→ **Exercise requirements**
In the data below, how many lines contain the string "best"? Give only the figure.

→ **Task inputs**
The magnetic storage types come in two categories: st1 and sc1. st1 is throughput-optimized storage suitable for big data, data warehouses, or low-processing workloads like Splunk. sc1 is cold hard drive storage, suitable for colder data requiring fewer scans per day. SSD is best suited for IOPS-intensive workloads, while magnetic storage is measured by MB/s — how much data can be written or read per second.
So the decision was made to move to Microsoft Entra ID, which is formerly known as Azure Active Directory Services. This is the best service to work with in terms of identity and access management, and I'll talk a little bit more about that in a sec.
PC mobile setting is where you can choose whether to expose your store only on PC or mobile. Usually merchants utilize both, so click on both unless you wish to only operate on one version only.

==

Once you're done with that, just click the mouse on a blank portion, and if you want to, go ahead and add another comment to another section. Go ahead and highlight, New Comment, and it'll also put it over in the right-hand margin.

→ **Solution for this task**
2